Vince Briffa and Trevor Borg invited to create a work for the traditional mining village of Kalavasos in Cyprus

Artists Trevor Borg and Vince Briffa have been invited by the curatorial team of the (Under) Mining Art Research Project to research and create a work for the traditional mining village of Kalavasos in Cyprus, engaging with its mining heritage, community, and landscape. Both artists have considerable experience in similar international projects, having also represented Malta at the 2019 Venice Biennale with multimedia installations. As an integral part of their academic and artistic research, recent works by the artists include the integration of drawing, the moving image and digital scanning techniques as holistic processes to reinterpret contemporary landscape environments. As resident academics at the Department of Digital Arts both have been involved in the scanning and digital interpretation of a number of underground spaces.

Vince Briffa (left) Trevor Borg (Right)
'The artists make use of multi-media technology to transport and recreate the visual and auditory experience of being underground.'

Originating from an island where there is no traditional mineral mining activity, Borg and Briffa look at a series of similar excavation activities of the island’s rock structure in Malta and Gozo as thematic for a multi-media installation consisting of video and 3d scanned data. The Maltese artist’s work is site-specific, designed for the chosen exhibition site of the Old Oil Mill in Kalavasos. 

Mining in Cyprus has a very long history, from antiquity to the present day. Even the name ‘Cyprus’ is derived from the copper rich mines of the island, Cuprous / of copper from the Latin cuprum / copper. Mining reached its peak during the British colonial years. It provided employment for many workers, and communities grew around the mines of Limni, Amiantos, Skouritissa and Kalavasos, amongst others. These mining communities provided the bodies that will enter every day the deep subterranean tunnels and work very long shifts under gruelling and inhumane conditions. Accidents, which put the lives of the miners at a daily risk, were common. However, it was not only accidents but also the long-term effects of the dust they inhaled that these men and their families had to endure. It was exactly these inhumane conditions that gave rise to the first labour demonstrations in Cyprus starting in 1936. The scarring of the landscape and the environmental fallout of the mines continues to the present day with heavy metals leaking from the mines, entering water reservoirs in the areas of the mines.

Taħt – Fuq installation reflects on the dual realities of these mining activities, namely the resulting scarring of the landscape and the environmental fallout, as well as on the awesome allure that these underground tunnels, catacombs and war shelters have on us.
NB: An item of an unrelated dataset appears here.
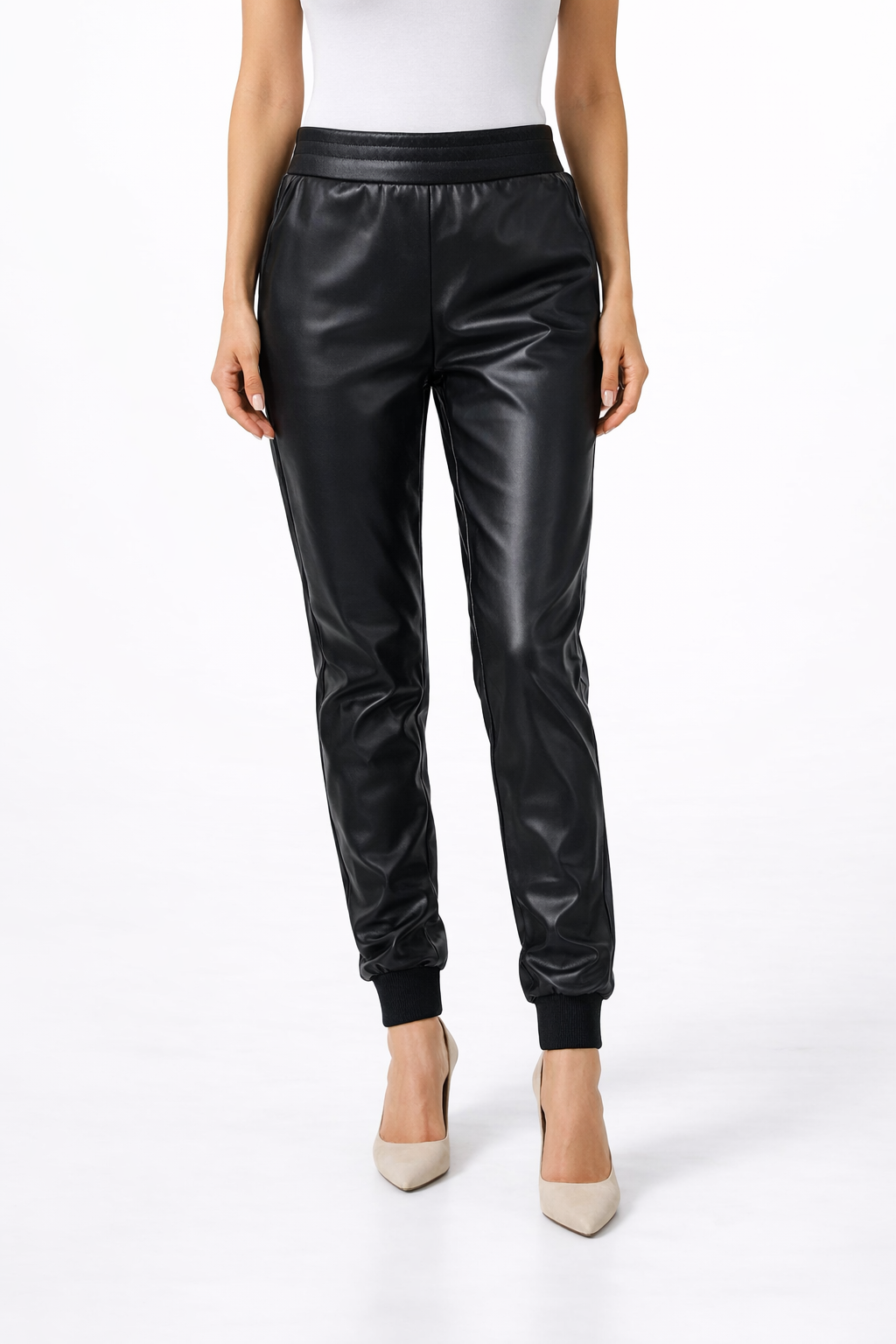 RD Style Black Faux Leather Pre-Owned Ladies Pants - Size XS - Margaret’s Fine Consignment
The project focuses on transporting and re-dimensioning the visual and aural experience of being underground, contextualising historically, sociologically and also philosophically, through multi-media technology. The artists are collaborated on the acquisition and interpretation of scanned data with University of Malta colleagues Saviour Formosa and Fabrizio Cali.
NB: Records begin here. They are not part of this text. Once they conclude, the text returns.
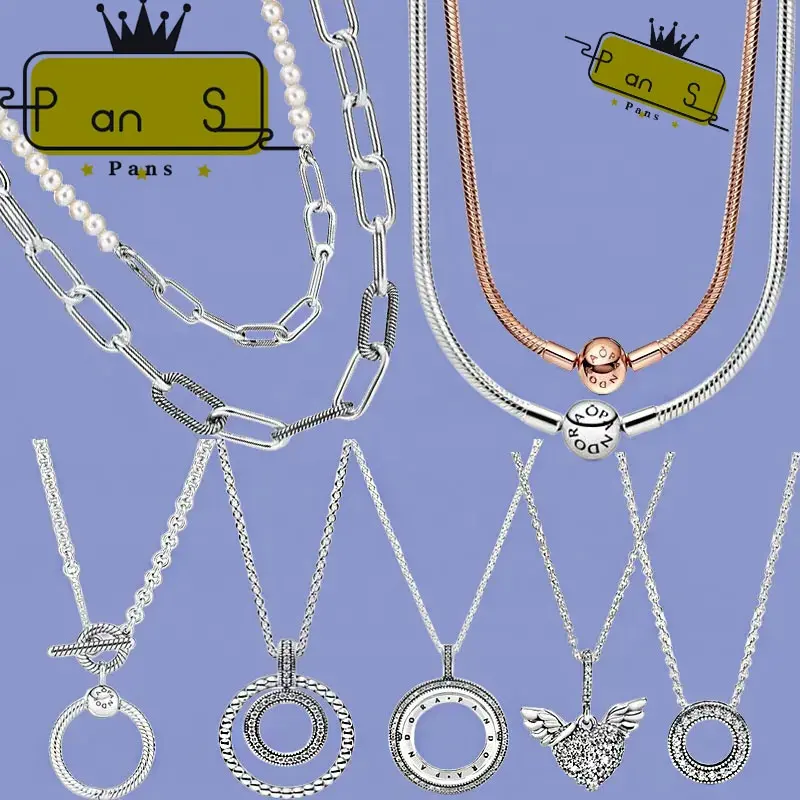 Cadeau Bijoux pour femmes Convient pour iPandoraer Original DIY Production Designer Charm 925 Collier en argent sterling personnalisé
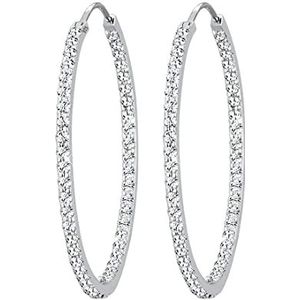 Elli Premium Premium oorbellen voor dames, creolen met kristallen, Eén maat, Sterling zilver, kristal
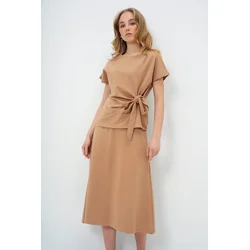 Trend Alacati Stili Ženski komplet bluza i suknja Alc-X13479, Smeđi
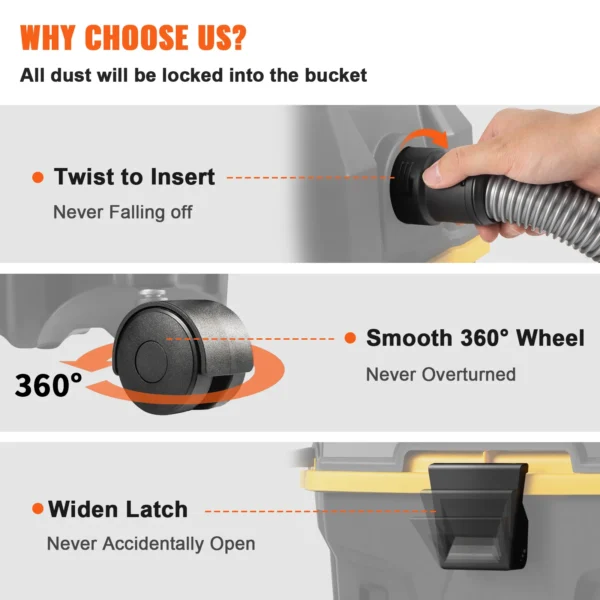 SucceBuy Portable Wet and Dry Vacuum Cleaner 15L For Car & Home Appliance 1200W Power Strong Suction Vacuum Cleaner & Air Blower - Image 6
As a central theme of the work, man’s relationship with the earth’s excavation will not only help enrich the visitors’ understanding of the thematic of the project’s objectives, but also highlight the differences and similarities of such activities from a different island’s perspective. Environments that the artists are filming and scanning include underground tunnels and underground war shelters in Malta. Since the project aims at a dialogue with the community where the exhibition will take place, the Maltese project will focus on transporting and re-dimensioning the visual and aural experience of being both overground and underground in the said spaces in Malta, contextualising historically, sociologically and also philosophically, through a multi-media strategy. 
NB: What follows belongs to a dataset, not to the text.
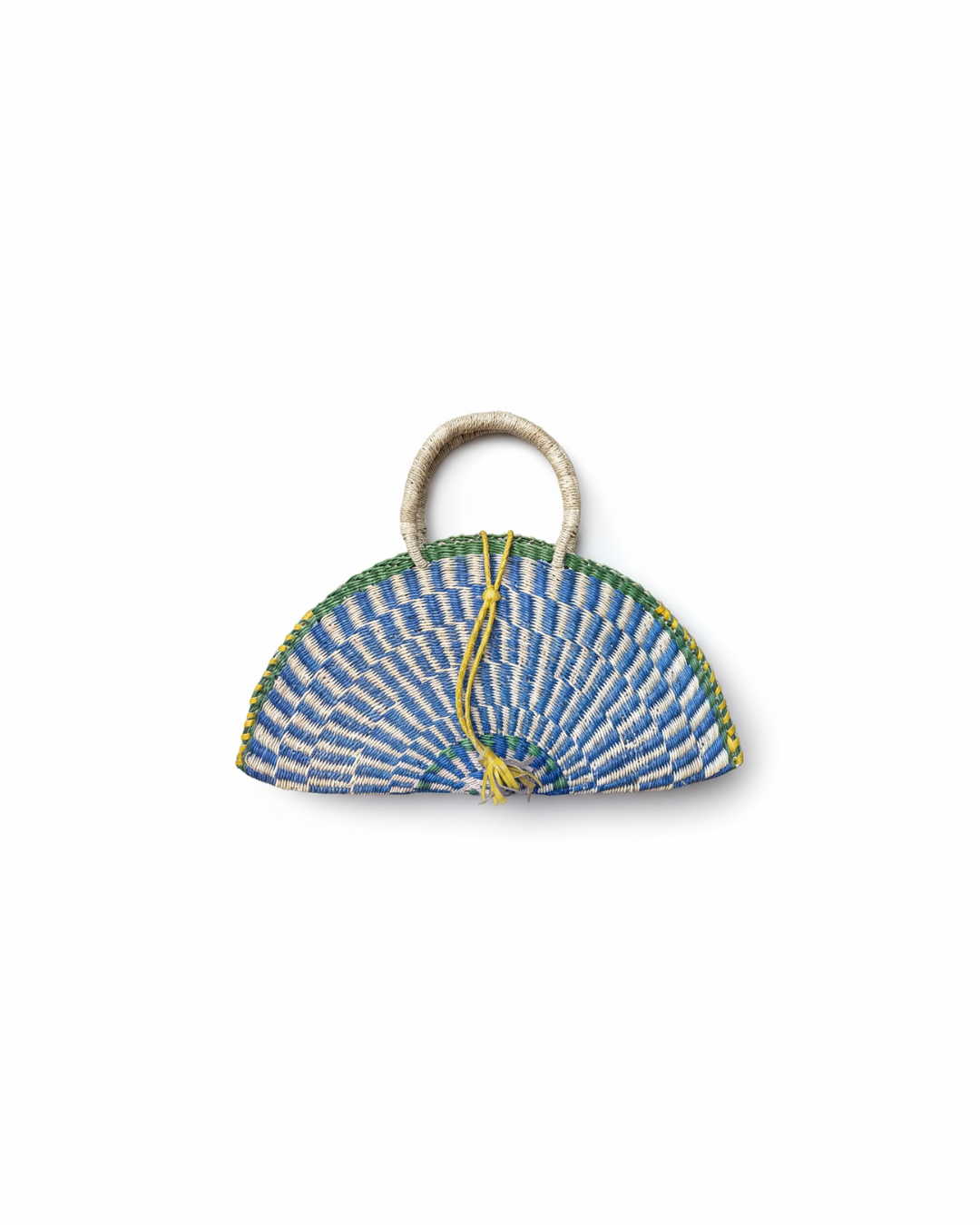 Kusana Large Handwoven Bag — Ocean Blue and Natutal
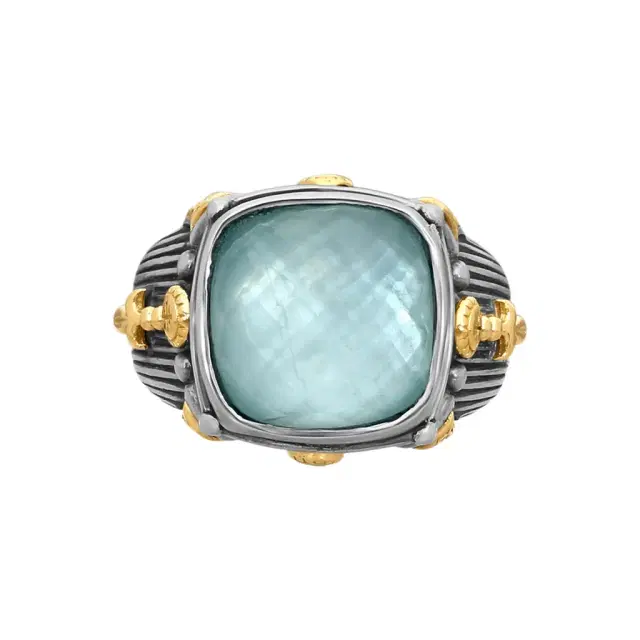 Konstantino Konstantino Gen K 2 Sterling Silver & 18K Yellow Gold Aquamarine Ring Sz.7 by The Solist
Taħt | Fuq (upside down, topsy-turvy) uses video, animation and data digitisation to experience a stretch of land from different levels, from the bird’s eye, to overground right down to the underground. The work was carried out through video, 3D scanning and animation.
Philosophically sited within a New Realism idiom, the work challenges the way we recognise the world as it is in itself, questioning not only if this place exists, but more importantly where it exists. Through an engagement with contemporary visualisation technologies, the installation reinforces Markus’s notion that; “Everything takes place only in our imagination, and outside of this exists the Nothing that constantly threatens it” Markus, G., Why the World Does Not Exist, Polity (2017).  

The project is in collaboration with the the Cyprus Deputy Ministry of Culture, Cyprus University of Technology, Cut Contemporary Fine Arts Lab, Department of Digital Arts, University of Malta, Wignacourt Museum in Rabat, Heritage Malta and SAGIS. It is partly funded by the Arts Council Malta’s International Cultural Exchanges Scheme.